Lewat Koi-s kita nemuin beberapa temen dan akhirnya intens komunikasi dan pada akhirnya kopi darat juga.. dari kumpul kumpul itu akhirnya dapat ide pameran untuk menjaring lebih banyak temen.. 
Kebetulan setelah itu ada salah satu Bank yaitu Bank BRI punya event "Pesta Rakyat BRI" dan kebetulan kita ada channel orang dalam BRI akhirnya dapat 1 stan gratis yg luasnya 5x5m dengan semangat membara untuk menjaring temen2 sesama penghobi kita keluarkan koleksi kita seadanya lumayan 3 bak fiber berhasil kita pamerkan.. Kita tampilkan Koi koi ukuran 45-65cm berbagai jenis. Dulu juga dapet bantuan majalah Koi-s edisi2 lama dari temen2 Jogja yg juga sub moderator regional Jogja dan beberapa saya bagikan ke Pejabat2 Pemerintah Kota Madiun dan Pejabat2 BRI yg hadir di acara tersebut untuk lebih memperkenalkan Koi. Dan event Pameran itu akan kita coba usahakan rutin tian tahun dengan nebeng di event Bank BRI tersebut.
Dari situ akhirnya kita dapat tambahan temen yg selama ini kita cari2. Mungkin salah satu usaha kita temen2 Madiun bisa menginspirasi temen2 di Kalimantan untuk menjaring temen2 sesama penghobi ikan Koi.

----------


## Ajik Raffles

> Om Ajik, 
> kalau boleh tahu Koi's di Balikpapan dijual dimana/ agennya siapa ya om?


 Nama Agen: Terang TB, 
Alamat: JL. LETJEND. SUPRAPTO RT.1/18, Balikpapan
Telp: 05427020556

----------


## etanoir

salam semuanya.
baru nongkrong lagi disini.
sekarang saya domisili di balikpapan.
mau tanya tentang kualitas air disini soalnya air PDAM nya di rumah kuning. Terus memungkinkan ndak ya di balikpapan bikin sumur jet pump untuk air kolam? bagus ndak?

----------


## sgotama

Halo Om, 
Salam Kenal.

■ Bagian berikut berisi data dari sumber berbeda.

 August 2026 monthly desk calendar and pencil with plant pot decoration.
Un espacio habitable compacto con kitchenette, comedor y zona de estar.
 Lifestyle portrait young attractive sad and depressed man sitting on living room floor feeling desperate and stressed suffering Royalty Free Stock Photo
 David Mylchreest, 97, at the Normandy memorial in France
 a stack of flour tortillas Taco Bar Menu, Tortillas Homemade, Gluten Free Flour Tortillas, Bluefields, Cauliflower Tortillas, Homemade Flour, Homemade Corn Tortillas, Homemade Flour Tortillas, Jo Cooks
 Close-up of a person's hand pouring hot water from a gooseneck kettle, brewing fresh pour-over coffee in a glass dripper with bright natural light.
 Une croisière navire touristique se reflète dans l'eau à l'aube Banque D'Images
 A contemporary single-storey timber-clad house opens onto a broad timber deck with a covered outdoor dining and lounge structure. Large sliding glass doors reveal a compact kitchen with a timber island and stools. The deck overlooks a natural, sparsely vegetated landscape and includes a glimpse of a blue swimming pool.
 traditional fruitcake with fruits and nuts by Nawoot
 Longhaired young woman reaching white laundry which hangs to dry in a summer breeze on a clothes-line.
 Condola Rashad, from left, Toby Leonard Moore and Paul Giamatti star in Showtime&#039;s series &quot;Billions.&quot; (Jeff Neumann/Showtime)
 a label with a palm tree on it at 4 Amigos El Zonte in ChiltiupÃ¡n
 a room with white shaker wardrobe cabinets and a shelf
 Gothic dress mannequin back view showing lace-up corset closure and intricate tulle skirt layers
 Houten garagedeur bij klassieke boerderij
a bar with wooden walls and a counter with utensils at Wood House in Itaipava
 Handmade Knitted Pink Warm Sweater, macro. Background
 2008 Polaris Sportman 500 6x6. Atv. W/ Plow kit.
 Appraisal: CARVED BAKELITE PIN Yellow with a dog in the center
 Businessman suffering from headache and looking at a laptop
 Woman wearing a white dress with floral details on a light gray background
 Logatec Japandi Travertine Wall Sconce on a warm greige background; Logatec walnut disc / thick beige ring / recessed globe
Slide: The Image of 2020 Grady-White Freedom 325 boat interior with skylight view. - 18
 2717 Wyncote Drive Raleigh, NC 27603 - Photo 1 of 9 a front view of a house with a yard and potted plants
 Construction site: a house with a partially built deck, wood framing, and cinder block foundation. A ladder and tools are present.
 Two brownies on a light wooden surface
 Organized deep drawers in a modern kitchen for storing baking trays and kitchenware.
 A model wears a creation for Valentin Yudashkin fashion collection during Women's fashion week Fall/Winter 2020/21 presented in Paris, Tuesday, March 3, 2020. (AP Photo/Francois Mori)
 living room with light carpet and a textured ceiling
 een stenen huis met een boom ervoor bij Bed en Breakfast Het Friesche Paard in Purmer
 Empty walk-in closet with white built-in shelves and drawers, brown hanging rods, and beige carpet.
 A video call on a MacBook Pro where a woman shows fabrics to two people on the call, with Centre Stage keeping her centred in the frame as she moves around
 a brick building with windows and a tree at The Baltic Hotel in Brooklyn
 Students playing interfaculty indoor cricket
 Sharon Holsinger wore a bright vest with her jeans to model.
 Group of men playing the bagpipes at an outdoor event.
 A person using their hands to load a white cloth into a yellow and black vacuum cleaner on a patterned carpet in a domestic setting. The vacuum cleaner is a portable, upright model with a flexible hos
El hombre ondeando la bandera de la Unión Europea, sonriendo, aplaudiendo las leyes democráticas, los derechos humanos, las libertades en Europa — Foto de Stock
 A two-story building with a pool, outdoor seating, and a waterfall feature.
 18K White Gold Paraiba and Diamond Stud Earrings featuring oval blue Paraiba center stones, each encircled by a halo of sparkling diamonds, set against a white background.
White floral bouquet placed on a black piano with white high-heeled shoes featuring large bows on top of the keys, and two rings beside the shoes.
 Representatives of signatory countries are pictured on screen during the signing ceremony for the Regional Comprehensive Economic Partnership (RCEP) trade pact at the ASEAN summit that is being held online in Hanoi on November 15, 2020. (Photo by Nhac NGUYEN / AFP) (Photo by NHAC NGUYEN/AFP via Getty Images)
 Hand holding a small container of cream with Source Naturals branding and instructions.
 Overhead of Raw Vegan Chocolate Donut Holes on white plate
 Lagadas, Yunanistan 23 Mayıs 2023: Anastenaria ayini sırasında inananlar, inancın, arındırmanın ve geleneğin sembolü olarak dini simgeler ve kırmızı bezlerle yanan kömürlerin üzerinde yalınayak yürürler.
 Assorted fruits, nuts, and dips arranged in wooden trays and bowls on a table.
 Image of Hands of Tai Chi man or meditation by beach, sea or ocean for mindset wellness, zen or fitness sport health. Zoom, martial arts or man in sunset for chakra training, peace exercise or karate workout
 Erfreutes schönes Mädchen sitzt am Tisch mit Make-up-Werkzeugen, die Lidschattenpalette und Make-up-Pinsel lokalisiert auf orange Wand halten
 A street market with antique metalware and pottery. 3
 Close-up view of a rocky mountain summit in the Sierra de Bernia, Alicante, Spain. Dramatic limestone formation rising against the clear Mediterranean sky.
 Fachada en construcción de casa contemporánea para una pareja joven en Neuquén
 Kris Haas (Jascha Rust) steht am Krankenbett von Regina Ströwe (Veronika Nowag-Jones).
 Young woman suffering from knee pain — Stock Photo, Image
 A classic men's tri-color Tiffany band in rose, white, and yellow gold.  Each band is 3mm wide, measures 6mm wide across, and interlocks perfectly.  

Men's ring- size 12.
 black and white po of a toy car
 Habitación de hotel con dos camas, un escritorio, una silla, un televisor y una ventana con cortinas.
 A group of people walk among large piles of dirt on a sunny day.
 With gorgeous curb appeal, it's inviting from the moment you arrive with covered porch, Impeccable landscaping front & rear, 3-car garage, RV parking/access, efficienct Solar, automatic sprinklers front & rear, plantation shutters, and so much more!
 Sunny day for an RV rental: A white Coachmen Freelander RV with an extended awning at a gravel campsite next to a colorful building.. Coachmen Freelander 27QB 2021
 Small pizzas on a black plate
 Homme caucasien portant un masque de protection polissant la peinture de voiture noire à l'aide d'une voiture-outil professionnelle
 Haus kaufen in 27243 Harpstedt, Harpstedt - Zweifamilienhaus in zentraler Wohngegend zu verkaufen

Rata-rata sih hobiis koi disini pake air pdam aja. tapi ada master koi di bpp yang pakai air tanah, dimana dia bilang jauh lebih bagus dan aman ( sudah di treatment). 
Saya pribadi pakai air pdam saja kok. Kalau takut air kuning, mungkin di treatment dengan carbon aja dulu.

----------


## Tjahyono Putro

> Sekedar sharing aja Om..
> Dulu kita diMadiun juga susah banget nemuin penggemar Koi karena Madiun Kota Kecil..
> Lewat Koi-s kita nemuin beberapa temen dan akhirnya intens komunikasi dan pada akhirnya kopi darat juga.. dari kumpul kumpul itu akhirnya dapat ide pameran untuk menjaring lebih banyak temen.. 
> Kebetulan setelah itu ada salah satu Bank yaitu Bank BRI punya event "Pesta Rakyat BRI" dan kebetulan kita ada channel orang dalam BRI akhirnya dapat 1 stan gratis yg luasnya 5x5m dengan semangat membara untuk menjaring temen2 sesama penghobi kita keluarkan koleksi kita seadanya lumayan 3 bak fiber berhasil kita pamerkan.. Kita tampilkan Koi koi ukuran 45-65cm berbagai jenis. Dulu juga dapet bantuan majalah Koi-s edisi2 lama dari temen2 Jogja yg juga sub moderator regional Jogja dan beberapa saya bagikan ke Pejabat2 Pemerintah Kota Madiun dan Pejabat2 BRI yg hadir di acara tersebut untuk lebih memperkenalkan Koi. Dan event Pameran itu akan kita coba usahakan rutin tian tahun dengan nebeng di event Bank BRI tersebut.
> Dari situ akhirnya kita dapat tambahan temen yg selama ini kita cari2. Mungkin salah satu usaha kita temen2 Madiun bisa menginspirasi temen2 di Kalimantan untuk menjaring temen2 sesama penghobi ikan Koi.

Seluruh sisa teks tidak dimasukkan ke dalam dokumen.